Singer Axl Rose noted in a 1988 interview that “Think About You” "doesn't have so much to do with me. Izzy wrote that one,” but he admitted that he tinkered a bit with the words. “There's a few parts of the lyrics that I put in there, and maybe gave it a little more flow, and worded it my way since I was the one singing it. I think it's kinda one of the ones that's a bit hidden. That's also with the way it was recorded.”

Musically, Rose explained that much of the song’s cues were taken from Hanoi Rocks, the Finnish glam-rock band that the singer was introduced to by Stradlin, who also took a rare lead guitar spot on the track. "The production on ‘Think About You’ and the way it's done is kinda like a tribute to all those old Hanoi Rocks records," Rose said. "It's something that Izzy was really into, and then he got me into it. It's kinda like a Hanoi Rocks song the way we looked at that.”
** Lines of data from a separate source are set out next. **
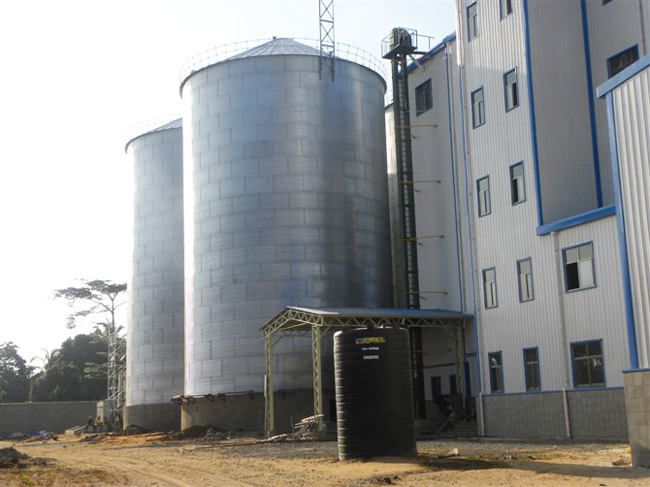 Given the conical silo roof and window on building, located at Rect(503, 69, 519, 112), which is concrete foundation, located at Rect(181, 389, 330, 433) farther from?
the conical silo roof

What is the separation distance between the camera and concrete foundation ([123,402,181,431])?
168 feet

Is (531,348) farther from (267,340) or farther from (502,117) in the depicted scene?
(267,340)

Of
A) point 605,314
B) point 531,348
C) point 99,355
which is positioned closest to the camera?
point 605,314

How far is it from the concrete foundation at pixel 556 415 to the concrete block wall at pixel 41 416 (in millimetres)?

Slash echoed Rose’s thoughts years later when he spoke with Classic Rock magazine on Appetite for Destruction’s 20th anniversary, while at the same time repeating his dislike for the song. “I always had a hard time with 'Think About You,'” he said. “It was one of the songs that Izzy wrote that was very indicative of the sort of Hanoi Rocks thing that was going on at the time. I never really got off on playing it all that much.”

"Think About You" is second only to “Anything Goes” as Appetite's least-performed song onstage. It was played a lot during the early days when the band was short on material and needed to play everything it had, but by the time the LP hit shelves in July 1987, it was dropped from the set.

The last time Guns broke out “Think About You” in front of an audience with any regularity was in 2006, when Stradlin appeared onstage in New York City in May with his former band. He later joined the European leg of the tour that summer and hooked up again for three shows in California in December. The song was performed at all of the gigs.

One person who championed “Think About You” from the beginning was Tom Zutaut, the Geffen Records executive who signed the band to the label in 1986. In a 2017 LA Weekly interview, he said it was his favorite track on Appetite for Destruction.

"I fought to have that one to be the second track on Side Two," he said. "I also pushed to have the acoustic guitars mixed at the center, really loud, jangling in the foreground. To me, that was their greatest post punk-rock Rolling Stones moment.”